▸ **Dataset records**:

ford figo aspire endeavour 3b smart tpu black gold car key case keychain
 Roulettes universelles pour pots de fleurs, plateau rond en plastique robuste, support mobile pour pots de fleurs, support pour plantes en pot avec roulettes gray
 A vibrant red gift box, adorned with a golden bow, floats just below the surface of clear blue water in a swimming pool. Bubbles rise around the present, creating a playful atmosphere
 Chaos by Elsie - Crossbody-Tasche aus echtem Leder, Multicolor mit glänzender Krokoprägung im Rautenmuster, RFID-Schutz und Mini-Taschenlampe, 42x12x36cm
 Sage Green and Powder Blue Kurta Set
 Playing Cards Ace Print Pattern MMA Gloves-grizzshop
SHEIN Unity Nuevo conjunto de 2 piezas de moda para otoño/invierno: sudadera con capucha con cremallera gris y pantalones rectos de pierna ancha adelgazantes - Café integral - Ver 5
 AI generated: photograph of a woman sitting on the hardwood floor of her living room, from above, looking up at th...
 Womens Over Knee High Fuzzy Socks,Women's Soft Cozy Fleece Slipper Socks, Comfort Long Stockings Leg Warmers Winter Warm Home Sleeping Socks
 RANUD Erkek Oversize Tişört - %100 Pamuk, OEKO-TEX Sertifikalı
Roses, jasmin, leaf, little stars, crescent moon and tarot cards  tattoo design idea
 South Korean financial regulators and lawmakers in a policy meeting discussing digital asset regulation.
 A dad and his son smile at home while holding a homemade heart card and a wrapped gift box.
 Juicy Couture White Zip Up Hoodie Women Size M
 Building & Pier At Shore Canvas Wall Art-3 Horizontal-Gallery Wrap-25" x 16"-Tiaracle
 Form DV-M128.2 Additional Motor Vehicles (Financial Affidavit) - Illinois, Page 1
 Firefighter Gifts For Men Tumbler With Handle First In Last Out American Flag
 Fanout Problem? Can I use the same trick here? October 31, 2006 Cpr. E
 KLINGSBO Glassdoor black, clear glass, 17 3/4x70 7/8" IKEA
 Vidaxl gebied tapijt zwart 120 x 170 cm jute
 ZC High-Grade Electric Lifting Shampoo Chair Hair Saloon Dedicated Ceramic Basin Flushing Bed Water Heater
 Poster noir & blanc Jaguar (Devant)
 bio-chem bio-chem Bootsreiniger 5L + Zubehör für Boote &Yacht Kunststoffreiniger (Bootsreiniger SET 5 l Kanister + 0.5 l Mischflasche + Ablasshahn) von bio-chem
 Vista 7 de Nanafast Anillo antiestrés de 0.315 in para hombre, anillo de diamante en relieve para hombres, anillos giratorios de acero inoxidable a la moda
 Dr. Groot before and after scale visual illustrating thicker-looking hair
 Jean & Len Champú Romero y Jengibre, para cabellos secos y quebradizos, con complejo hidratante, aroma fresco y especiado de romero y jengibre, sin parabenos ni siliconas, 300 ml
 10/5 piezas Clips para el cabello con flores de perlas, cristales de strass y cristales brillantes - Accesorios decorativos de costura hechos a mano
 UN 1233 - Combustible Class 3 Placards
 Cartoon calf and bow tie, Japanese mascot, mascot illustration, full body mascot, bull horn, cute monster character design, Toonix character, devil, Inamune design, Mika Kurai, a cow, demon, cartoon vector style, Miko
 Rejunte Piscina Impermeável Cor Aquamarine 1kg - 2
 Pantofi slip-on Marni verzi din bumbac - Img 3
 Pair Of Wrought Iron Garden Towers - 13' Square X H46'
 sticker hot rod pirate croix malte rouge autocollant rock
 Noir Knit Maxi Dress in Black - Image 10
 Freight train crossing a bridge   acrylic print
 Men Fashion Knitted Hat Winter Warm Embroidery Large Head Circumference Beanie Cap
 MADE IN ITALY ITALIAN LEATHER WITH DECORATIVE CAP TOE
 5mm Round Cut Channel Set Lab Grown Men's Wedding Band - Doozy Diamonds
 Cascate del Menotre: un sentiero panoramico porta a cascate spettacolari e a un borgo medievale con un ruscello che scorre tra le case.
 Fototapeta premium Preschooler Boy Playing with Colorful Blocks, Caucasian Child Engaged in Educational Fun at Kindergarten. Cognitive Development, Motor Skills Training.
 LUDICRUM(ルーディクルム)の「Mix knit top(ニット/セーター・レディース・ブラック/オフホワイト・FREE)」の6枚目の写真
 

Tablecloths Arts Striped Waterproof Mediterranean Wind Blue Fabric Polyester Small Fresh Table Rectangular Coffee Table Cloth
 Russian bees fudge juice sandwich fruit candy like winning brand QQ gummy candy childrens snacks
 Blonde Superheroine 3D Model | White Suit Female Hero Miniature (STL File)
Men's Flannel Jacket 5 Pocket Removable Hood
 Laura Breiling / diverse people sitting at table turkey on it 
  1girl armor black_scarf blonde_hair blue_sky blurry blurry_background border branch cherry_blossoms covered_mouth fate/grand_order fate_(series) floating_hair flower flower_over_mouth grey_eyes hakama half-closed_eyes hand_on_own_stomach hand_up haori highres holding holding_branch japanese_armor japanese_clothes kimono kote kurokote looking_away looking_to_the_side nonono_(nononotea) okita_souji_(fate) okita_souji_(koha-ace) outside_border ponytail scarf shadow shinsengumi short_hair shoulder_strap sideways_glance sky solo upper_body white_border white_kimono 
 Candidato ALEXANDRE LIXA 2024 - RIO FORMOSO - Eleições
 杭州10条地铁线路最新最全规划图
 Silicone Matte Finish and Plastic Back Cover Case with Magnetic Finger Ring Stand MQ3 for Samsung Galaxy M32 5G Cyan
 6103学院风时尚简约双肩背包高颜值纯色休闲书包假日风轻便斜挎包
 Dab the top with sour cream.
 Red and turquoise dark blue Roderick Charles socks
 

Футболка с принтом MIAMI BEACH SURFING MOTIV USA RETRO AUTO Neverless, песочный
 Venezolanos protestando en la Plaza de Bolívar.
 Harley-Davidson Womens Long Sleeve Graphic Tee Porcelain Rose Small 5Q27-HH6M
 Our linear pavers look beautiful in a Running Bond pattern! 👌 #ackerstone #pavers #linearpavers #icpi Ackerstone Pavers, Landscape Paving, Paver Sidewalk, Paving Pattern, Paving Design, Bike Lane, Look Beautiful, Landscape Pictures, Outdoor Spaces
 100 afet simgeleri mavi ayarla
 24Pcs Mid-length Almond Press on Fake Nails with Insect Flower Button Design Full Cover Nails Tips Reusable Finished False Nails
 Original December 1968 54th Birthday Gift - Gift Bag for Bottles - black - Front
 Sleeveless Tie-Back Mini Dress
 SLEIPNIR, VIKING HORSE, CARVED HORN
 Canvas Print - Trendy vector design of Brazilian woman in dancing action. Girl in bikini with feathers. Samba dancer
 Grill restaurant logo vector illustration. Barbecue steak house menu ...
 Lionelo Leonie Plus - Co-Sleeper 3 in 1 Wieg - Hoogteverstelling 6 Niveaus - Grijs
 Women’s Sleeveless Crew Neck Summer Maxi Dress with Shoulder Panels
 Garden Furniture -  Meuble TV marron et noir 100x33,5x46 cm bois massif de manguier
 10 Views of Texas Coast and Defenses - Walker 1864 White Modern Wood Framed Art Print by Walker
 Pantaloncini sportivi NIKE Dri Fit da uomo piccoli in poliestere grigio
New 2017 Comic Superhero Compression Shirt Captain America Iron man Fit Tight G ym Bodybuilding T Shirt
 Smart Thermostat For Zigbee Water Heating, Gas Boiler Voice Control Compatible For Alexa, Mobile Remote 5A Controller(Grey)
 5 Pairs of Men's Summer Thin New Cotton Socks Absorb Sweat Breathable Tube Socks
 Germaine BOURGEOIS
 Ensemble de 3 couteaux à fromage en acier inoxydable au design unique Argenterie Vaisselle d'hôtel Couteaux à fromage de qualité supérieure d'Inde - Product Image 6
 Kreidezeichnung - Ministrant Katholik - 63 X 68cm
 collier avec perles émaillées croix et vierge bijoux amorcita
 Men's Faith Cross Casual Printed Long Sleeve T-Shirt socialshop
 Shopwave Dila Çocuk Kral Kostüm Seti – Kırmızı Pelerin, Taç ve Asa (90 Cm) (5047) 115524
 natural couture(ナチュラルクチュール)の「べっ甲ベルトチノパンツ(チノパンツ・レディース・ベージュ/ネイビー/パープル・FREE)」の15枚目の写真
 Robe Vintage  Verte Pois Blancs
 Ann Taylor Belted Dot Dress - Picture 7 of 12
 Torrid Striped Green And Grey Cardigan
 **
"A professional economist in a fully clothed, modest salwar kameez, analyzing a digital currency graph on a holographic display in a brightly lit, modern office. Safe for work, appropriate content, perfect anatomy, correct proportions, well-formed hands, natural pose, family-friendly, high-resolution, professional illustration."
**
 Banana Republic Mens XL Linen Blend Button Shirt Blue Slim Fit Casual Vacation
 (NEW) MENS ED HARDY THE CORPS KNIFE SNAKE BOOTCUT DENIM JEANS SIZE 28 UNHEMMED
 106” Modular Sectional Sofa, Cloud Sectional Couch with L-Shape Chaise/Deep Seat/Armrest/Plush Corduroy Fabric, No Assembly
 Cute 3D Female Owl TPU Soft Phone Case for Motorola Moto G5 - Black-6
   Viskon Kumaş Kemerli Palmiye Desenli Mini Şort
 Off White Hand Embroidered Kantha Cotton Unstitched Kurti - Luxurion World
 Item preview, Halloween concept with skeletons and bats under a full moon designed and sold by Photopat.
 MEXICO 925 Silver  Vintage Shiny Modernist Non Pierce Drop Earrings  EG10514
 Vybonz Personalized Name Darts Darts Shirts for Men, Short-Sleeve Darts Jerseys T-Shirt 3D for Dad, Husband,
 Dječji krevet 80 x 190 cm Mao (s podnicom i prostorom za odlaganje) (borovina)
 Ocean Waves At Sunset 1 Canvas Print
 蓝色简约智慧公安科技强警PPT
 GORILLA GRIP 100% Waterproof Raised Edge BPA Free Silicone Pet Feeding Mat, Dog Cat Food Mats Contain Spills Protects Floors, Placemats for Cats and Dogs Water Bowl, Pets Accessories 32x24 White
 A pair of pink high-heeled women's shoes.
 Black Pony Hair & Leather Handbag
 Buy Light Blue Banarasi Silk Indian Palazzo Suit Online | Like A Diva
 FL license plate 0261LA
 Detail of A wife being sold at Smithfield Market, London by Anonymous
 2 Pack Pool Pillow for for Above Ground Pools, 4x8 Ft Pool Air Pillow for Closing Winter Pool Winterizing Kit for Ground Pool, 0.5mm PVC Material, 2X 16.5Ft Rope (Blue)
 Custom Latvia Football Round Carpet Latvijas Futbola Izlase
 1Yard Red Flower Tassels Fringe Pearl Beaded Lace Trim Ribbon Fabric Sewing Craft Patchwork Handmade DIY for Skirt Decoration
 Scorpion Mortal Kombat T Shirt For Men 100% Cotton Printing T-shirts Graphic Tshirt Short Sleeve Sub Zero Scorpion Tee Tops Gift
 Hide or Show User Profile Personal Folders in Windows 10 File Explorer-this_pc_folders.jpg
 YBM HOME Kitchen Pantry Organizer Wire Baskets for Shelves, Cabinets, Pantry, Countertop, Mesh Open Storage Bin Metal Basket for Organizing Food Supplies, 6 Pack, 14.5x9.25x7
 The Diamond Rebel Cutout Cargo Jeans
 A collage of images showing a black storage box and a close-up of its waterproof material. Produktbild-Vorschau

▸ **How to complete this task**: The required answer is the exact run of lines above starting at the line with "SHEIN Unity Nuevo" and ending at the line with "Jean & Len Champú", with both ends present.

▸ **Output for this task**:
SHEIN Unity Nuevo conjunto de 2 piezas de moda para otoño/invierno: sudadera con capucha con cremallera gris y pantalones rectos de pierna ancha adelgazantes - Café integral - Ver 5
 AI generated: photograph of a woman sitting on the hardwood floor of her living room, from above, looking up at th...
 Womens Over Knee High Fuzzy Socks,Women's Soft Cozy Fleece Slipper Socks, Comfort Long Stockings Leg Warmers Winter Warm Home Sleeping Socks
 RANUD Erkek Oversize Tişört - %100 Pamuk, OEKO-TEX Sertifikalı
Roses, jasmin, leaf, little stars, crescent moon and tarot cards  tattoo design idea
 South Korean financial regulators and lawmakers in a policy meeting discussing digital asset regulation.
 A dad and his son smile at home while holding a homemade heart card and a wrapped gift box.
 Juicy Couture White Zip Up Hoodie Women Size M
 Building & Pier At Shore Canvas Wall Art-3 Horizontal-Gallery Wrap-25" x 16"-Tiaracle
 Form DV-M128.2 Additional Motor Vehicles (Financial Affidavit) - Illinois, Page 1
 Firefighter Gifts For Men Tumbler With Handle First In Last Out American Flag
 Fanout Problem? Can I use the same trick here? October 31, 2006 Cpr. E
 KLINGSBO Glassdoor black, clear glass, 17 3/4x70 7/8" IKEA
 Vidaxl gebied tapijt zwart 120 x 170 cm jute
 ZC High-Grade Electric Lifting Shampoo Chair Hair Saloon Dedicated Ceramic Basin Flushing Bed Water Heater
 Poster noir & blanc Jaguar (Devant)
 bio-chem bio-chem Bootsreiniger 5L + Zubehör für Boote &Yacht Kunststoffreiniger (Bootsreiniger SET 5 l Kanister + 0.5 l Mischflasche + Ablasshahn) von bio-chem
 Vista 7 de Nanafast Anillo antiestrés de 0.315 in para hombre, anillo de diamante en relieve para hombres, anillos giratorios de acero inoxidable a la moda
 Dr. Groot before and after scale visual illustrating thicker-looking hair
 Jean & Len Champú Romero y Jengibre, para cabellos secos y quebradizos, con complejo hidratante, aroma fresco y especiado de romero y jengibre, sin parabenos ni siliconas, 300 ml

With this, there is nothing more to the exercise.